## Study material
[Start of section]

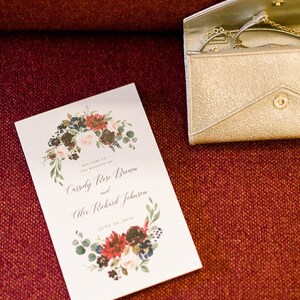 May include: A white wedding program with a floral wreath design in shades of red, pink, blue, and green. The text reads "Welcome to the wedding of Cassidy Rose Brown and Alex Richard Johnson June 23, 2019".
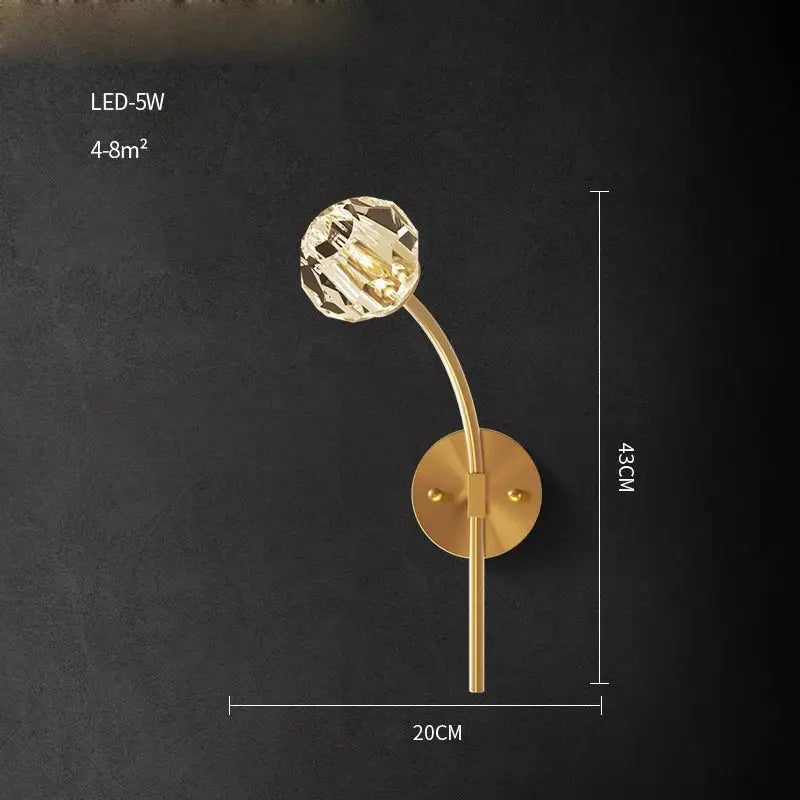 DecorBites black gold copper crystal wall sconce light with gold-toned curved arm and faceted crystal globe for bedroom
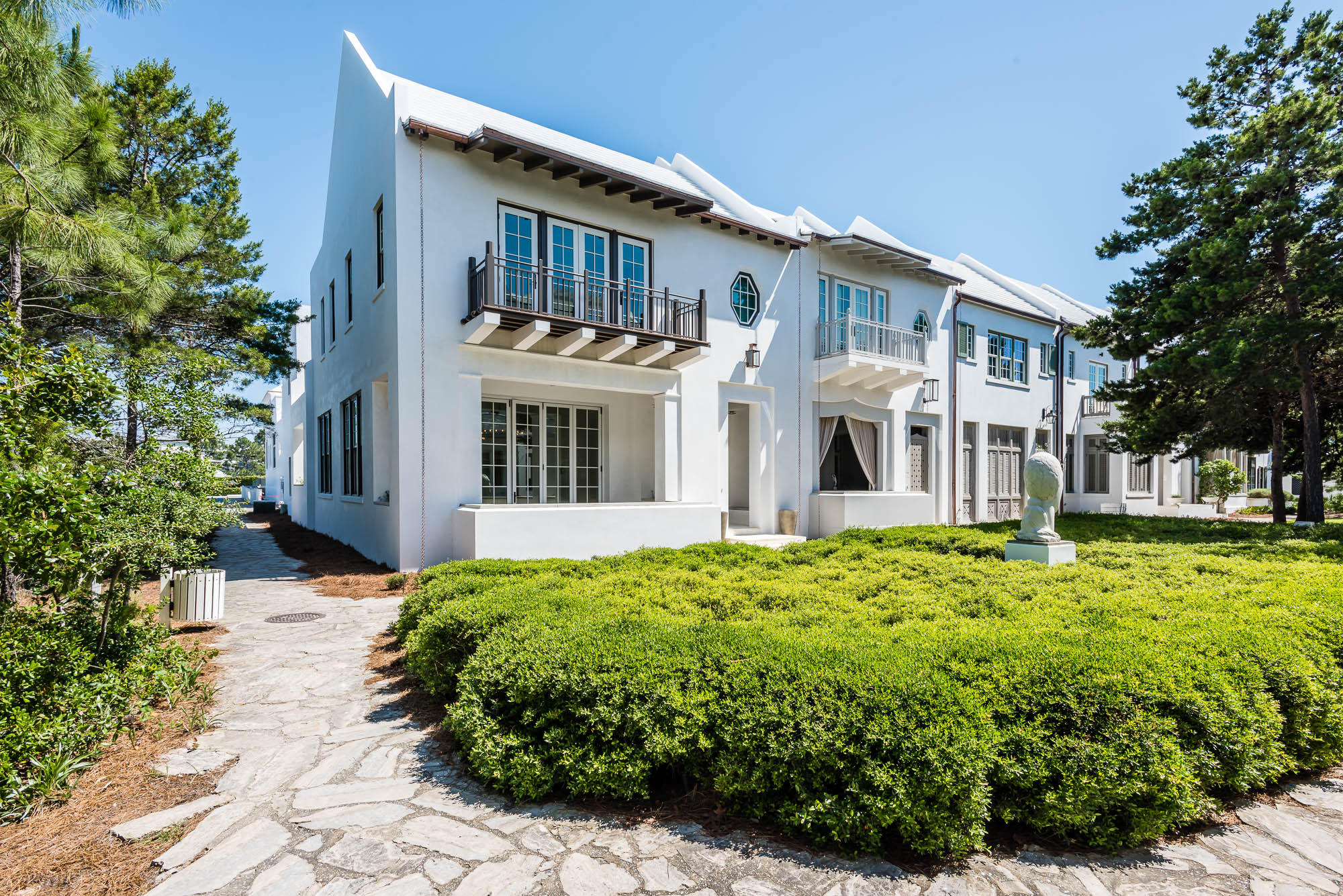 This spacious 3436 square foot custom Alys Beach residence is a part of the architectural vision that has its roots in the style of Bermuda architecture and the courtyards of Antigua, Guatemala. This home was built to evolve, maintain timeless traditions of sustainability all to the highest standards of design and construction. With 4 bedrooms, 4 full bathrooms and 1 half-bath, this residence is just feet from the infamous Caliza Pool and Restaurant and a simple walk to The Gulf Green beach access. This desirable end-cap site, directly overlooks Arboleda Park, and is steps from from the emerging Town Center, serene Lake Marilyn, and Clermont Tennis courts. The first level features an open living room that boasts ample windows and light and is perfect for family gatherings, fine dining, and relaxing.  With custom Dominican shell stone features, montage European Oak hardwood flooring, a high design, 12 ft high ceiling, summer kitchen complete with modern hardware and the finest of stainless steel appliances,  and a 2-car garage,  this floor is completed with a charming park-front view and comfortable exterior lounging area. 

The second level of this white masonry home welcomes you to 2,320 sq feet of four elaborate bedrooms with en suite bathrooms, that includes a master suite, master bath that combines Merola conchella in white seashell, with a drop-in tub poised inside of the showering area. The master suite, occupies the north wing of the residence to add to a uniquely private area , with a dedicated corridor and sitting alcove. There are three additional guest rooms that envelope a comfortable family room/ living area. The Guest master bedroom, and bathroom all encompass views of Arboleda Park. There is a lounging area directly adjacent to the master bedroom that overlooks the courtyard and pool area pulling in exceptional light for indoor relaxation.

[End of section]
[Start of section]

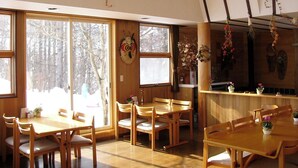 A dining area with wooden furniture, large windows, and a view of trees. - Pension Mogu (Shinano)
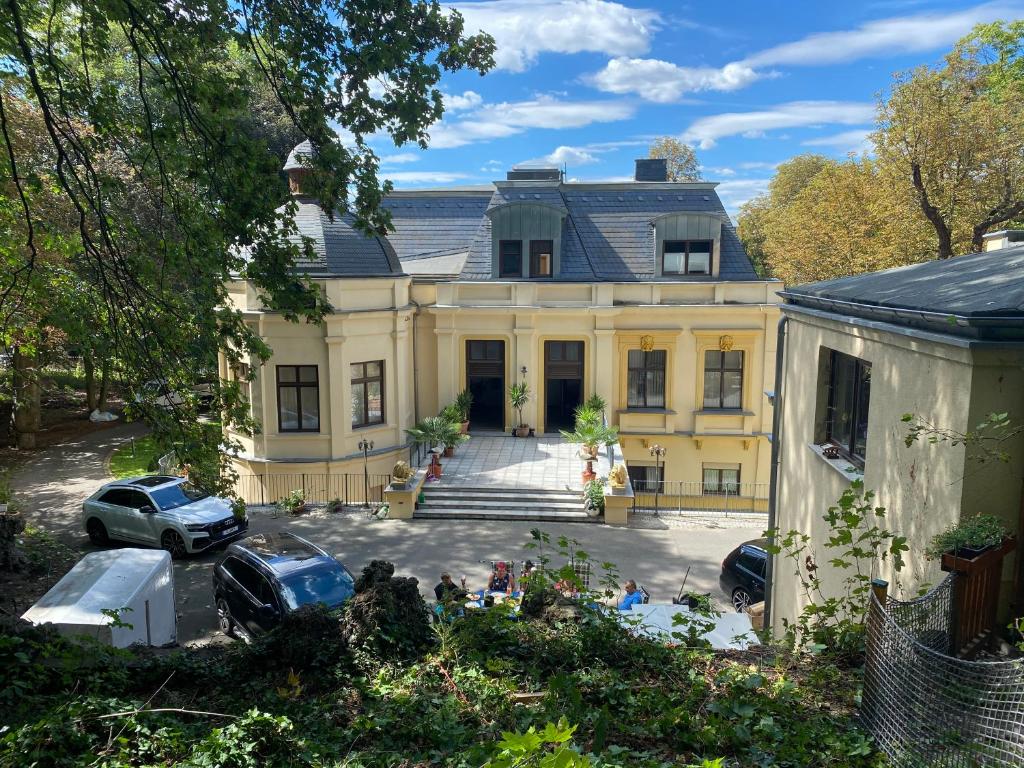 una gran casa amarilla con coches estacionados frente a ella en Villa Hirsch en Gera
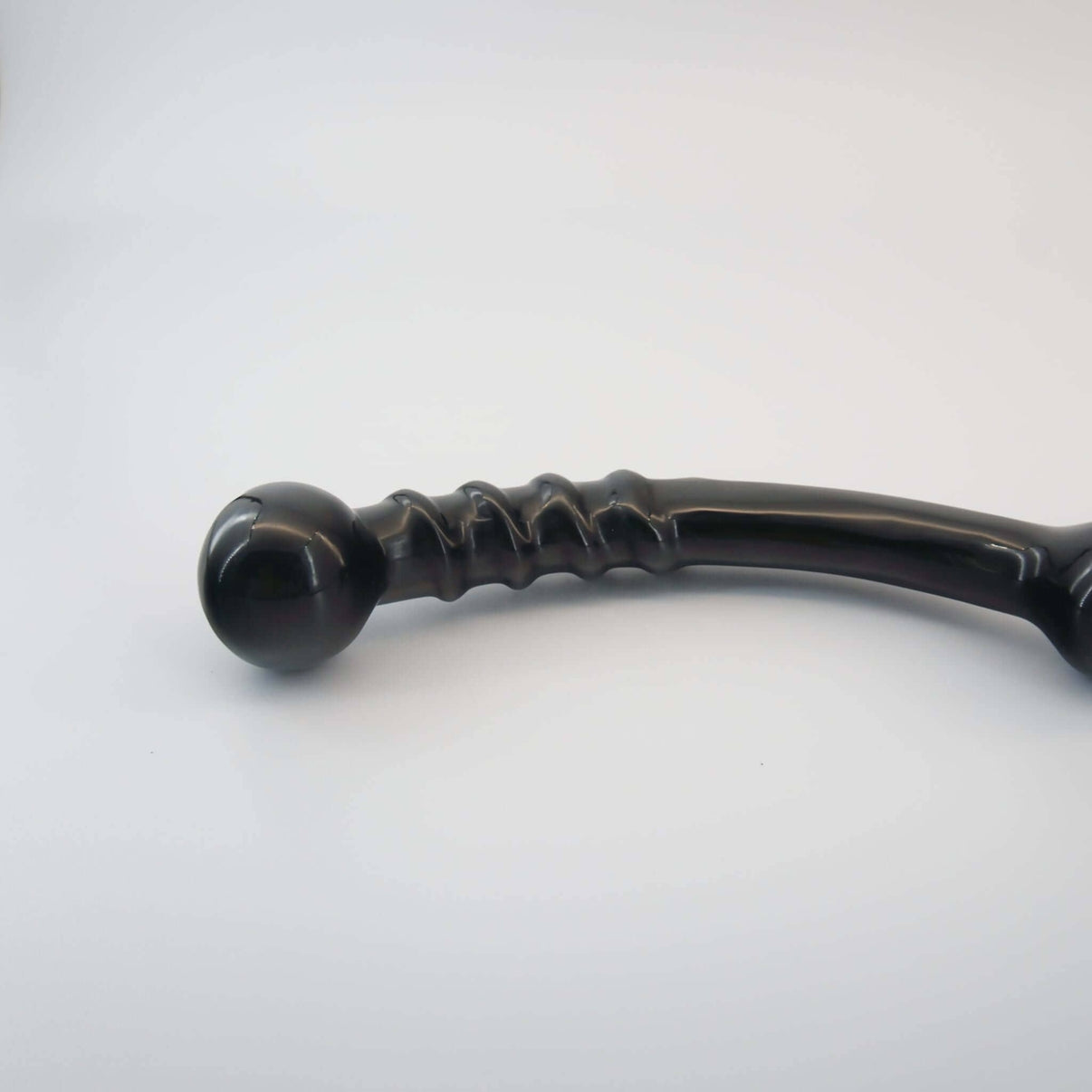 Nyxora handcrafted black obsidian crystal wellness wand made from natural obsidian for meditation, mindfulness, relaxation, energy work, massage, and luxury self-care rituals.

[End of section]

Print nothing but the lines above starting with the line that contains "DecorBites black gold" and going on through the line that contains "This spacious 3436". Leave out the pictures.

## Task result
 DecorBites black gold copper crystal wall sconce light with gold-toned curved arm and faceted crystal globe for bedroom
 This spacious 3436 square foot custom Alys Beach residence is a part of the architectural vision that has its roots in the style of Bermuda architecture and the courtyards of Antigua, Guatemala. This home was built to evolve, maintain timeless traditions of sustainability all to the highest standards of design and construction. With 4 bedrooms, 4 full bathrooms and 1 half-bath, this residence is just feet from the infamous Caliza Pool and Restaurant and a simple walk to The Gulf Green beach access. This desirable end-cap site, directly overlooks Arboleda Park, and is steps from from the emerging Town Center, serene Lake Marilyn, and Clermont Tennis courts. The first level features an open living room that boasts ample windows and light and is perfect for family gatherings, fine dining, and relaxing.  With custom Dominican shell stone features, montage European Oak hardwood flooring, a high design, 12 ft high ceiling, summer kitchen complete with modern hardware and the finest of stainless steel appliances,  and a 2-car garage,  this floor is completed with a charming park-front view and comfortable exterior lounging area. 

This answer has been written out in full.